The African Medicines Institution (AMA) treaty entered into force in November, although the agency is now only operational on paper. The treaty establishing the AMA has been ratified by just over half of the 55 African Union (AU) member nations so far.
The provision of financial and technical assistance to the new agency is considered as critical in assisting it in launching operations. This would help the continent’s vaccine and pharma industries, which relies on a reliable regulator to thrive.
A person familiar with the initiative told Reuters that the European Commission, Germany, France, Belgium, and the Gates Foundation will pay more than 100 million euros ($113.93 million) to support AMA and African national regulatory authorities.

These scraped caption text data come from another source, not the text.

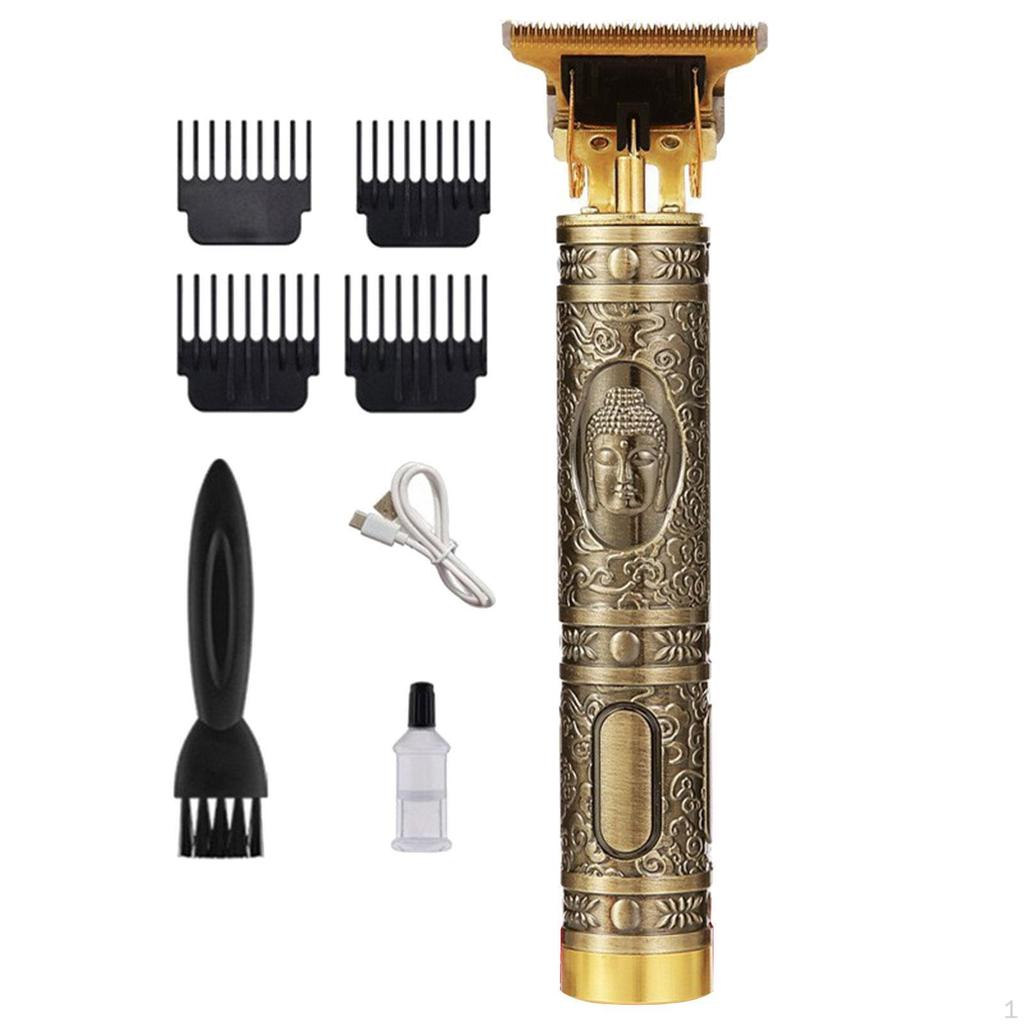 Barttrimmer Haare für Männer Professionelle Schneideklingenköpfe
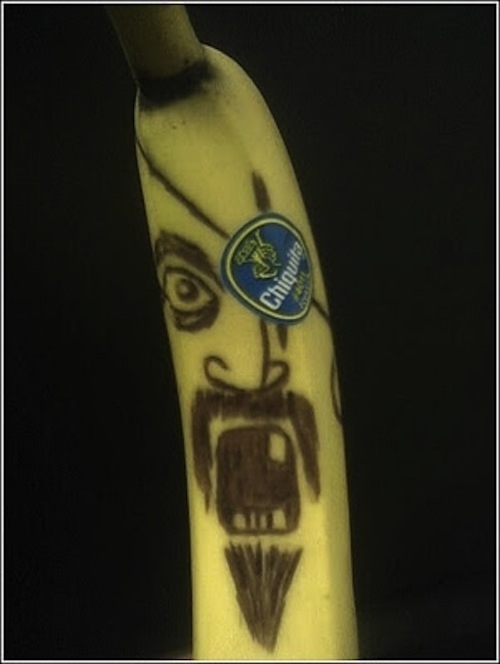 Εντυπωσιακή τέχνη με μπανάνες (3)
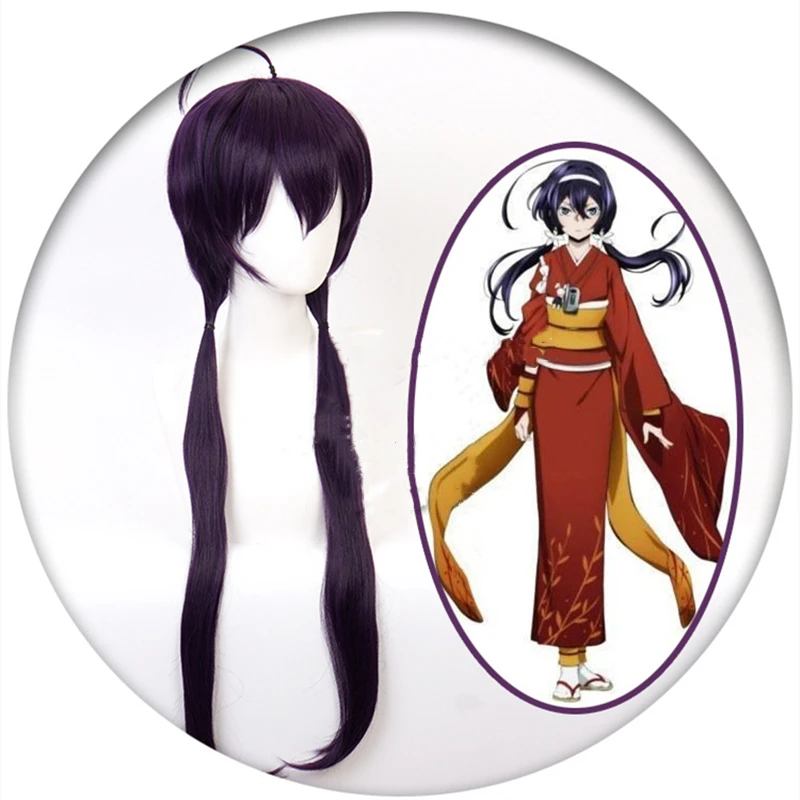 Костюм унисекс для косплея из аниме бродячие собаки Kyouka Izumi короткие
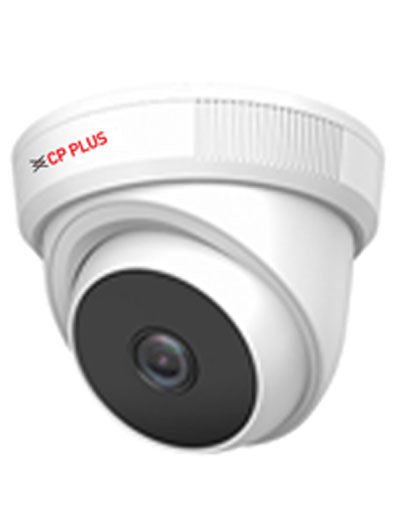 CP PLUS 2.4MP IR HD Dome Camera - 20Mtr : CP-URC-DC24PL2C-V3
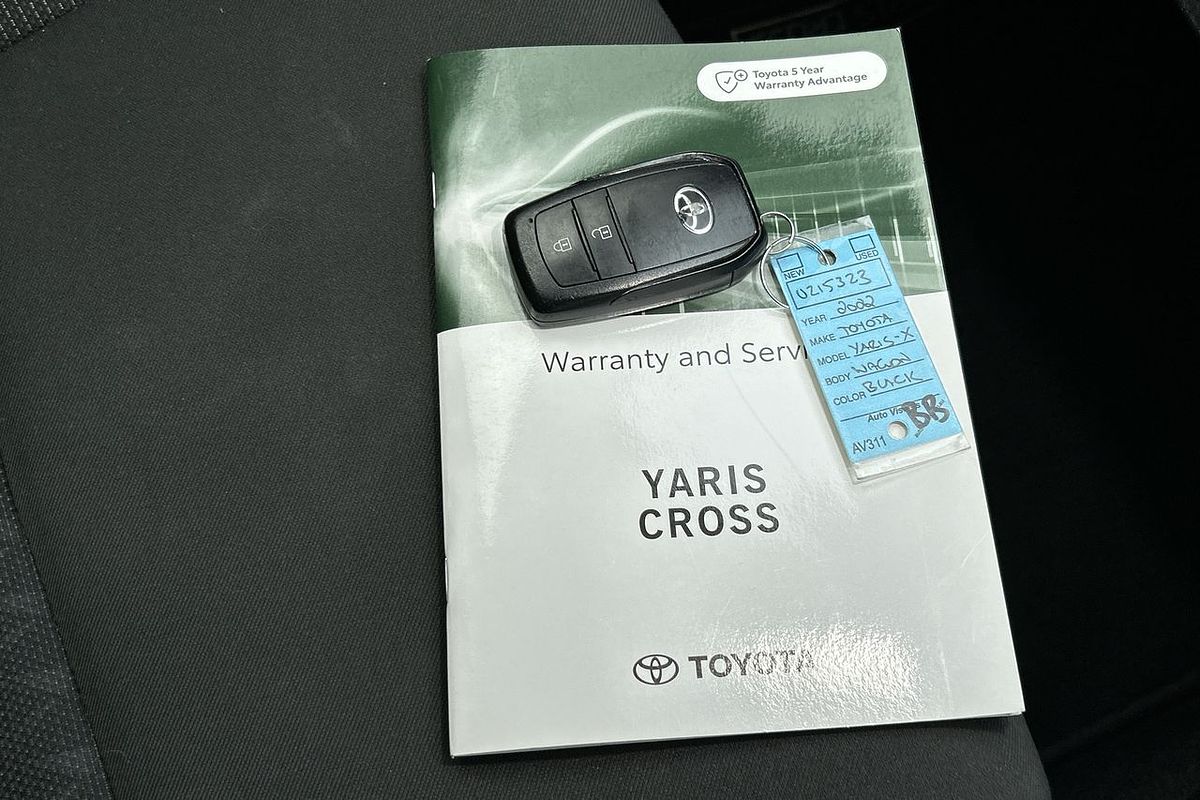 2022 Toyota Yaris Cross GX MXPB10R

The goal is for these organizations to reach Maturity Level 3 for vaccine manufacturing, which the World Health Organization (WHO) describes as “the minimum WHO standard for effective regulatory monitoring for quality local vaccine production,” according to the official.

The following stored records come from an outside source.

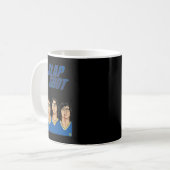 hanson brothers slap shot. Shirt Copy Koffiemok (Voorkant links)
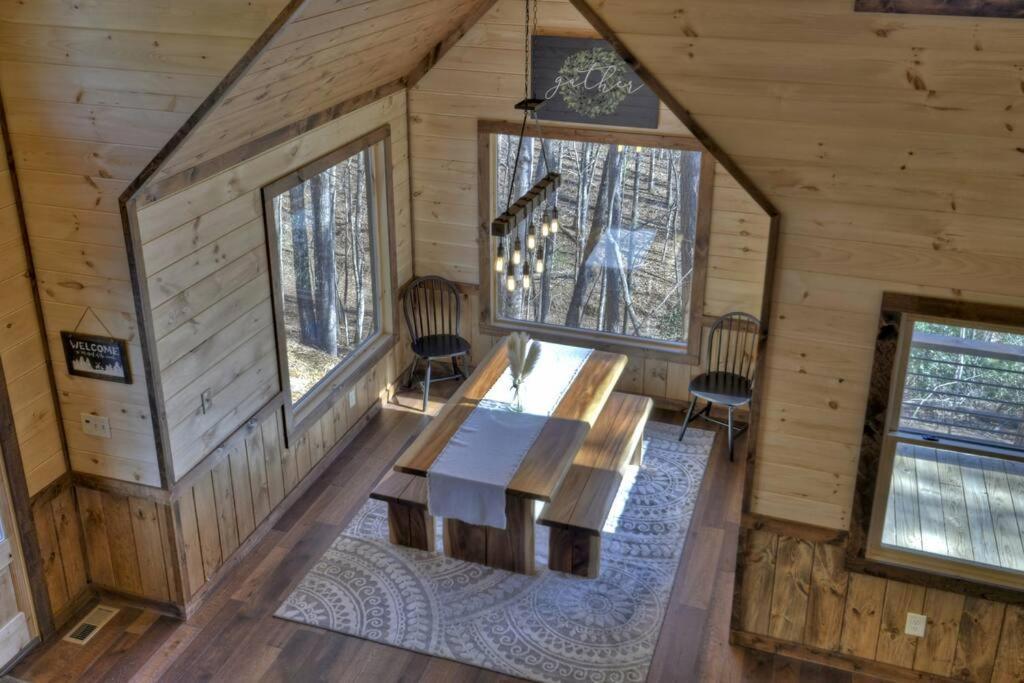 Rosewood Retreat - Hot Tub Fire Pit Pool Table Villa Blue Ridge Exterior photo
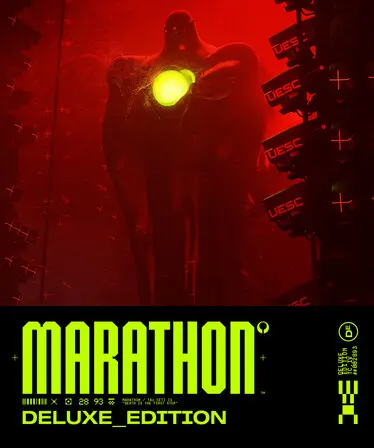 Marathon Deluxe Edition — Steam, Deluxe Edition
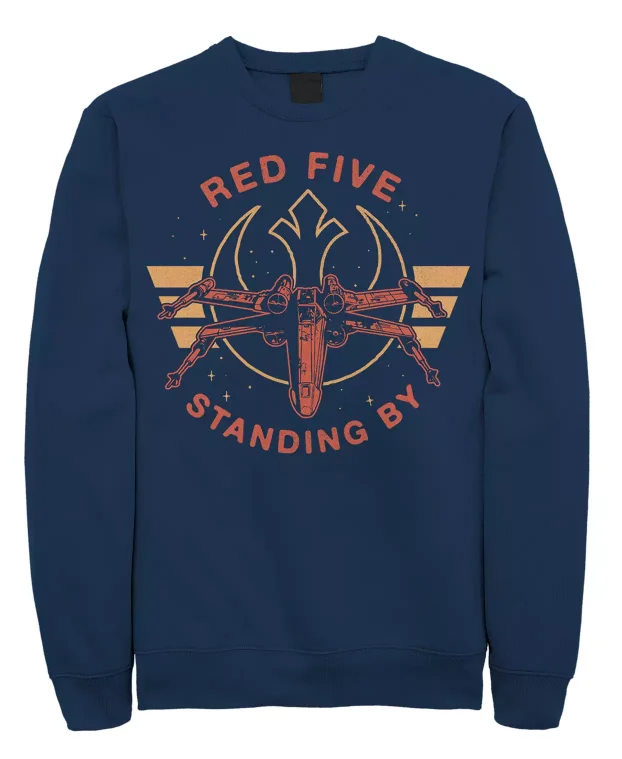 

American sci-fi autumn and winter fleece pure cotton hoodies Star Wars men's and women's round-neck hoodies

According to an internal EU Commission paper with slides seen by Reuters, a portion of the funds will be distributed as grants, with the remainder going to the European Medicines Agency.
According to the statement, the EMA, which is now Africa’s only drug regulator, will “offer technical help to African counterparts via scientific collaboration, joint inspections, training, and notably the AMA.”
Tedros Adhanom Ghebreyesus, Director-General of the World Health Organization, asked African countries to support efforts to establish the regulator, saying it may aid in the fight against counterfeit and low-quality medications.
“I believe this institution will be extremely essential for the continent,” says the author “In Cape Town, he stated. “I’d like to (appeal) to all non-ratifying countries to ratify and expedite the creation (of AMA).”
Soumya Swaminathan, the WHO’s chief scientist, said the AMA could play “the kind of role that the European Medicines Agency has played in Europe — defining standards, helping countries develop their regulatory bodies” at a previous occasion.
After the COVID-19 epidemic exposed the region’s reliance on imported vaccinations and other drugs, the race to establish the AMA has begun. Local production accounts for just over 5% of medications and 1% of vaccines consumed by the 1.2 billion-strong population.
Africa initially struggled to obtain COVID-19 vaccine shots due to limited supply being purchased by wealthy countries. Deliveries to Africa have since increased, yet only 10% of Africans are properly vaccinated.
Increased production is currently being pursued, however medicine approval requires the approval of a regulator.
Experts warn that preparing for future pandemics is simply one of the reasons why Africa needs a continental regulator.
Due to inconsistent legislation in 54 countries and a lack of transparency, several pharmaceutical companies have abandoned efforts to register their goods, resulting in limited access to vital medicines in many African countries.
Due to a lack of strict control, counterfeit pharmaceuticals have flooded African markets, resulting in unnecessary deaths and fueling scepticism of medicine.
According to EU officials in Brussels, the EU’s attempt to back the new regulator is part of a larger strategy to counter Chinese and Russian influence in Africa. In the last year, Brussels has provided hundreds of millions of doses of COVID-19 vaccination to Africa.
Vaccine access will also be a major topic at a Brussels conference of EU and African Union leaders.
Margaret Agama-Anyetei, a senior AU official leading efforts to establish the AMA, stated that obtaining more AU member states to sign and ratify the treaty is one of the most pressing tasks.
“There are a plethora of fake certificates, fake drugs, fake masks, and fake medicine across the continent,” she told Reuters by phone from Addis Ababa. “It’s really important that we have a continental agency that is complementary to all other national health institutions and invested in promoting the regulation of medical products across the continent,” she said.